So Star Trek VI: The Undiscovered Country feels oddly and quaintly dated today. It's a film that sets about closing a story decisively for no other reason than it's the artistically and creatively right thing to do, and that's just something you won't see today in the age of Cinematic Universes that are unfinished by design and consecutive reboots within three or four years of one another that all tell variations on the same stock plot. And make no mistake, it absolutely is and does: In 1991 there were not yet any plans for a second Star Trek film series, so this was a movie made for the express purposes of thanking the fans for their support and bringing the Original Series story to a dignified close. A lot of received fan wisdom seems to posit this film was greenlit to “make up” for Star Trek V: The Final Frontier, which would otherwise have been the final Trek movie, but from the studio's perspective the past *three* Star Trek movies had all underperformed at the box office and they didn't see much difference between them one way or the other. But this was the 25th Anniversary, and the Star Trek film team felt something needed to be done.

(This also explains why the movie looks somewhat stunningly cheap: While I remember the VFX shots having been breathtaking and they're certainly impressive when it counts, everywhere else the fact Paramount only allowed this movie to be made if it was produced on the thinnest of shoestring budgets plainly shows. Most notably, while I slagged off Star Trek V: The Final Frontier for reusing the sets from Star Trek: The Next Generation, it's actually way more egregious in this movie. I mean, they didn't even try to hide the fact the transporter room, corridors, observation lounge and ten-forward are painfully obviously from Captain Picard's Enterprise. More on that later, actually.)
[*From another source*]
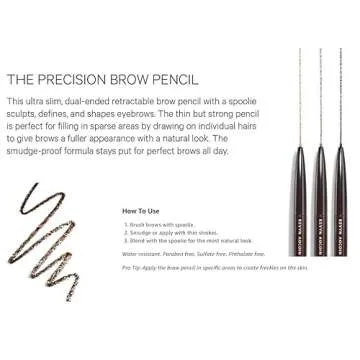 Kevyn Aucoin The Precision Brow Pencil, Brunette: Ultra slim, thin and strong. Retractable plus spoolie brush. Pro makeup artist go to. Sculpt, define and shape eyebrows. Stay put, smudge-proof.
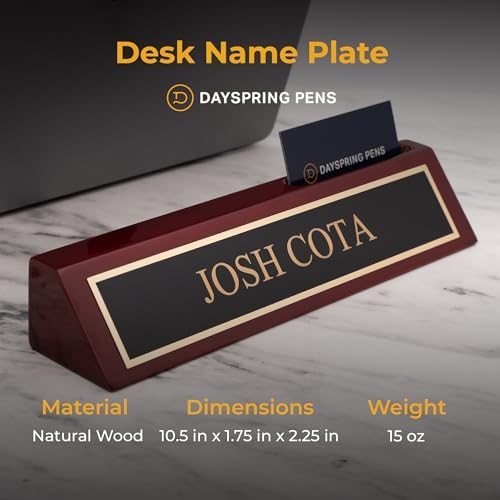 Dayspring Pens Personalized Rosewood Nameplate with Business Card Holder - Image 3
You might think a movie with that pedigree would be cripplingly fanwanky, and there are a whole slew of references on display here. But none of them feel like forced name-drops done simply for the sake of pandering. Everything feels organic and freeform, with the grand finale that takes centre stage flowing seamlessly into a prequel for the story that's playing out for us elsewhere. Leonard Nimoy and Nicholas Meyer are back behind the camera, and the end result is much of what you would expect from the team: It's Meyer's name on the director's chair, but it's clearly Nimoy's deft eye for cinematic photography that elevates the look and feel of The Undiscovered Country *substantially*: There was a chance the film could have worn its bargain-basement trappings a little too obviously, but Nimoy gives the movie a grandiose, epic sense of scale befitting the send-off of such iconic folk heroes of modern myth.

As for Nicholas Meyer...Well, his usual raft of issues apply. And let's just deal with this straight away, the mind meld scene with Valeris is completely unacceptable, but at the very least Meyer has admitted in more recent years it was a terrible, ignorant thing to write, he should have known better and wishes he could go back in time to tell his younger self not to do that. Elsewhere, Meyer is still a bit too bombastic, a bit too on-the-nose and remains frustratingly middlebrow. But this movie also sees him growing further from his surprisingly improved performance with the San Franciscan deli meat from the Star Trek sandwich that was Star Trek IV: The Voyage Home. Meyer's characters feel a bit more naturalistic and a bit less like they're reciting from a high school English curriculum. It also helps him a lot that the entire movie seems custom-built to tailor to his brand of pomposity and because he's got a savvy partner in Leonard Nimoy he's not allowed to go quite as self-indulgent as he did in Star Trek II: The Wrath of Khan.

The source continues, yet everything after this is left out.